Un vrai risque pour Euroclear

Interrogé par le Vif, un porte-parole du Premier ministre ne cache pas qu’une partie de l’argent actuellement gelé (tout comme les intérêts générés par celui-ci), pourrait effectivement servir à «couvrir des ripostes financières de la Russie et des risques juridiques. Pourquoi ? Par exemple parce qu’un certain nombre de clients d’Euroclear ont aussi de l’argent en Russie et cet argent pourrait être saisi de la même manière que nous saisirions l’argent russe gelé ou ses bénéfices. Le risque existe aussi que la Russie mette la pression sur d’autres pays qui la soutiennent (Chine par exemple) pour faire de même.
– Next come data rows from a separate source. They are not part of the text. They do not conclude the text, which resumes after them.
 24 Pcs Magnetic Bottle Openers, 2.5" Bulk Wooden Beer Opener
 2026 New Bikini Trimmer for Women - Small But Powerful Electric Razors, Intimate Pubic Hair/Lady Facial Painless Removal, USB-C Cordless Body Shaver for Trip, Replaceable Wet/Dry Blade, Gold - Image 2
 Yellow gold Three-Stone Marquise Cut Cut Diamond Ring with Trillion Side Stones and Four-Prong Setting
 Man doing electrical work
La recommandation est donc de couvrir ces risques pour éviter de mettre Euroclear en situation de défaut face à ces clients», fait-on valoir chez le Premier ministre, tout en précisant que les discussions sur l’utilisation (ou non) de cet argent sont en cours.
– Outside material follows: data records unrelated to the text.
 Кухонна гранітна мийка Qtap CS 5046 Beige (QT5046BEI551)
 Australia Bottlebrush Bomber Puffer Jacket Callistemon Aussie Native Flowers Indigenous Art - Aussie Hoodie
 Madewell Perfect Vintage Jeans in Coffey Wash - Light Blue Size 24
Un certain nombre de clients d’Euroclear ont aussi de l’argent en Russie et cet argent pourrait être saisi de la même manière que nous saisirions l’argent russe gelé ou ses bénéfices.
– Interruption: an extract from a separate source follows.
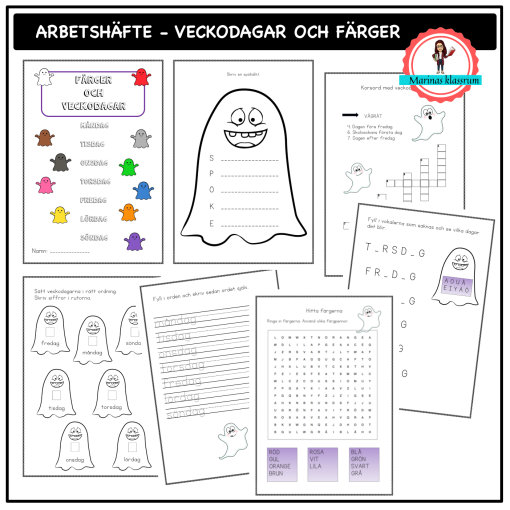 Arbetshäfte - veckodagarna och färgerna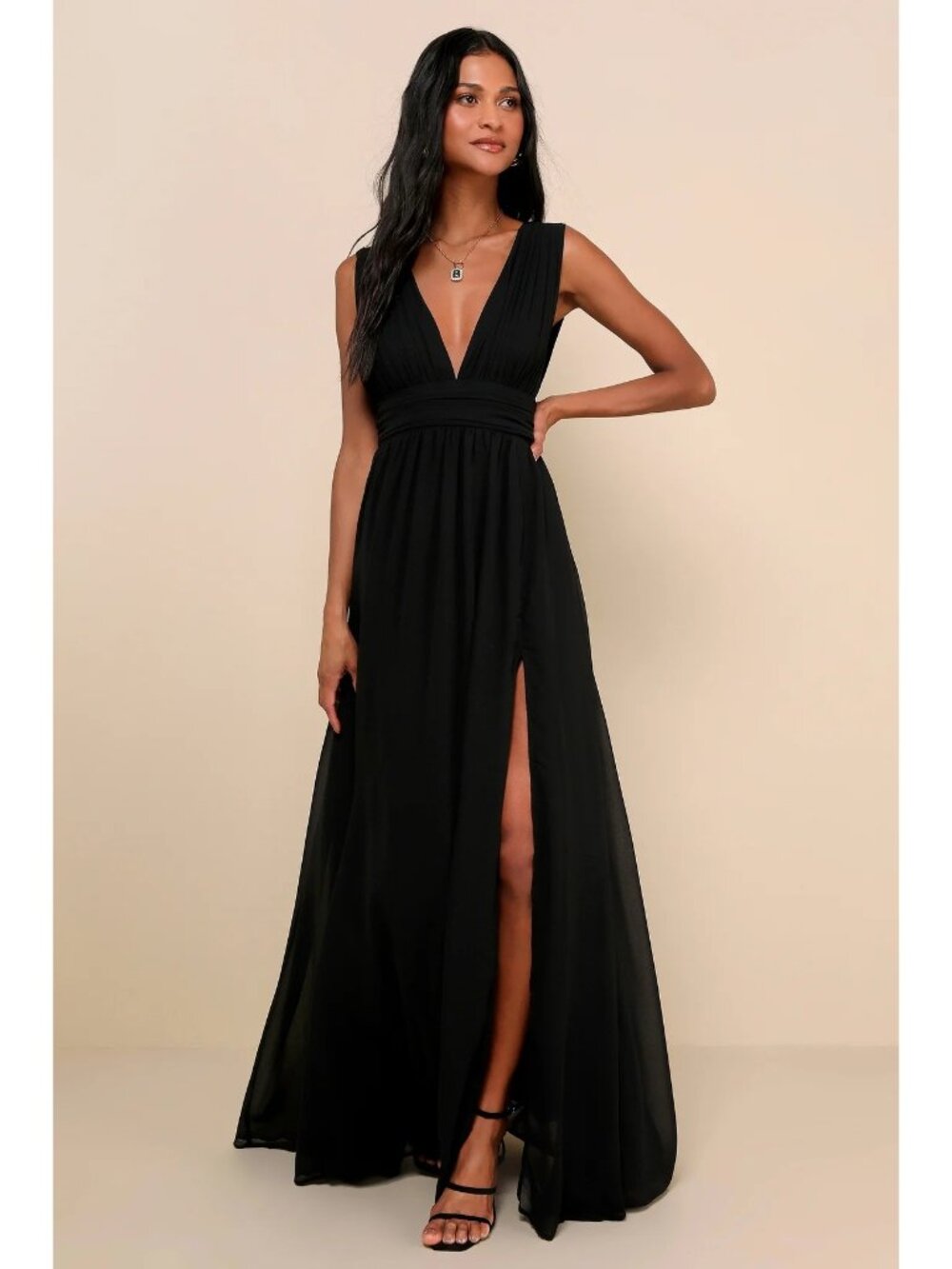 Lulu's Women's Heavenly Hues Maxi Dress Black Size M NWOT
Cabinet du Premier ministre Alexander de Croo

«Il y a une volonté globale de voir ce qui peut être fait avec l’argent en lui-même et/ou les bénéfices, c’est une discussion qui se mène actuellement au G7. La Belgique est dans la boucle de la discussion, mais se rangera à la décision du G7. Une telle décision ne peut être prise unilatéralement», précise-t-on. Autre précision importante: pour l’instant, la Belgique utilise «seulement» les revenus liés à la taxation des bénéfices afin de couvrir son support à l’Ukraine (militaire, humanitaire, accueil réfugiés).

Les munitions, défi prioritaire

Concernant les problèmes anti-aériens et de pénurie de munitions actuellement rencontrés par l’Ukraine, le «défi prioritaire n’est pas tant de trouver des moyens financiers, mais plutôt de trouver des armes et des munitions à acheter vu le manque de capacité de production en Europe», fait-on remarquer chez le Premier ministre, où l’on rappelle enfin que la Belgique «a budgétisé 1,1 milliard en 2024 pour l’Ukraine», ce qui implique, déjà, une certaine «créativité» pour parvenir à utiliser ces fonds (pour l’heure, issus de la taxe sur les revenus d’Euroclear, donc).